The lawsuit itself is goofy: Why would the director of ethnically diverse, politically thorny movies think that the former Nashville Network — once home to country videos and ”Dukes of Hazzard” reruns, and currently to wrestling — is trading on his good name? No one is going to confuse ”Do the Right Thing” with TNN’s new batch of animation, including Stripperella (featuring Pamela Anderson as an ecdysiast/superhero).

Regarding the Playboy stuff, I need not have fretted. It turns out that ”Stripperella” offers more titillation than a year’s supply of airbrushed bunnies. The series is credited to 80-year-old Marvel Comics pioneer Stan Lee.
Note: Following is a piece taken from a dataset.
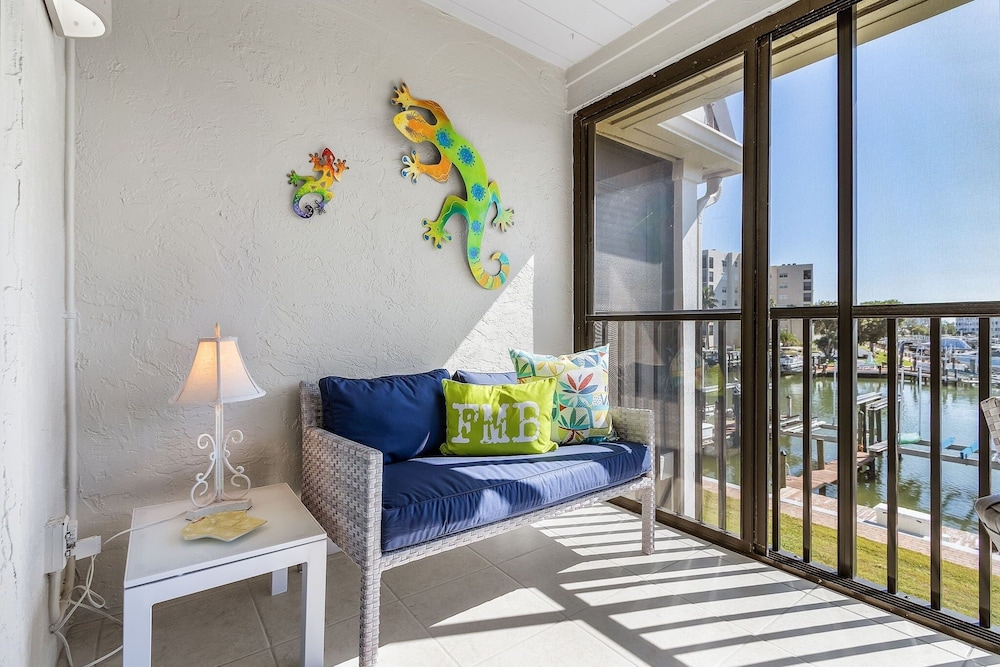 Estero Island Yacht & Racquet Club 224 1 Bedroom Condo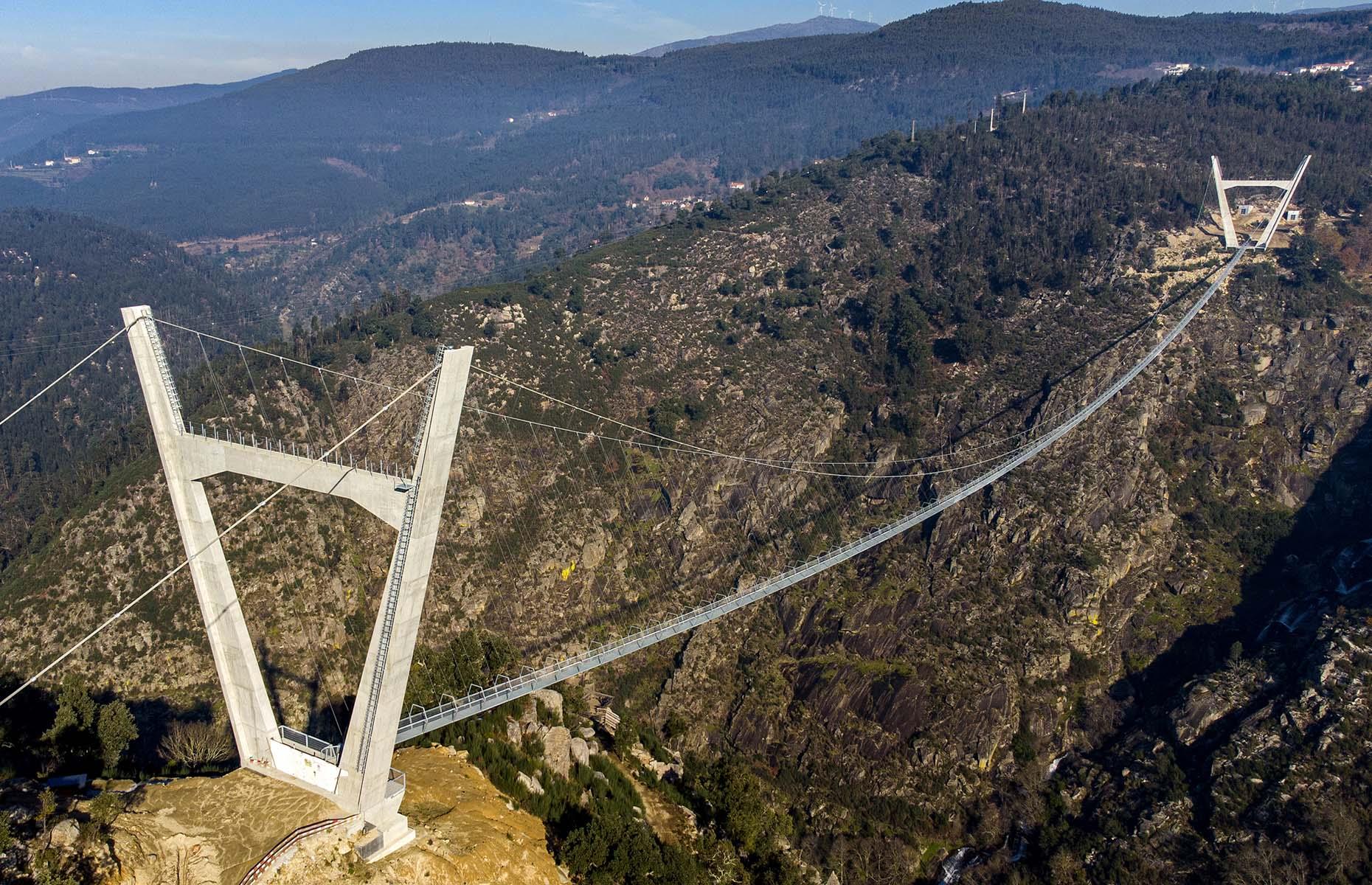 The Most Breathtaking Bridges In America And Across The World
Who knew the cocreator of ”The Hulk” and ”Spider-Man” was such a randy old coot, so eager to offend? ”Stripperella” features bared breasts and lines like ”Let’s see some titties!” (Hey, maybe TNN could get revenge on the litigious filmmaker — and trade on Spike and Stan’s common surname — by christening itself Lee TV?) Anyway, TNN sent out the pilot and a later episode, which featured really ooky jokes about a younger stripper whose father brings business clients to the series’ ”gentlemen’s club,” the Tender Loins. (Dad tells daughter to ”strip good” and watches along with the rest of the droolers.) A subplot about an animal rights organization, ”Animals Need Universal Support, or ANUS,” is, given Anderson’s interest in the plight of furry creatures and her ”Baywatch”/Tommy Lee home-movie past, I suppose, right up her alley.

And if you groaned at that pun, the official pilot has a plot about ”exploding breast implants” that turn women into ”literal bombshells.” (”You’ve been booby-trapped!” cries our heroine.) But Anderson acquits herself with more aplomb than seems inhumanly possible — her warm, unironic line readings, combined with the exaggeratedly drawn curves of her real-life exaggeratedly curved body, achieve the desired sexual provocativeness. To put it as bluntly as the show demands, ”Stripperella” is a success as soft-core cartoon porn.